Scan the entries below for the word "featuring" and copy every line where it turns up.

[Opening Provided data section]

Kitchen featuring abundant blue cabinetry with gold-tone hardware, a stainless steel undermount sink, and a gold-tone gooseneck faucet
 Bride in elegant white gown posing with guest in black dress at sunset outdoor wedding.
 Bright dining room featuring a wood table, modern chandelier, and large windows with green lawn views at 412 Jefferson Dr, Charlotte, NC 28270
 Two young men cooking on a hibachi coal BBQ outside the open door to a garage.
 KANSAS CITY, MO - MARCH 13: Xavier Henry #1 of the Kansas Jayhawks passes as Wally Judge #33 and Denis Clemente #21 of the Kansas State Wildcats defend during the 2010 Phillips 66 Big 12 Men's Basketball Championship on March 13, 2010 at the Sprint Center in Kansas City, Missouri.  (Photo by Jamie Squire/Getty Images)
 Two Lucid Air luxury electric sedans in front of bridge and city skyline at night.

[Closing Provided data section]

Result for this exercise:
Kitchen featuring abundant blue cabinetry with gold-tone hardware, a stainless steel undermount sink, and a gold-tone gooseneck faucet
 Bright dining room featuring a wood table, modern chandelier, and large windows with green lawn views at 412 Jefferson Dr, Charlotte, NC 28270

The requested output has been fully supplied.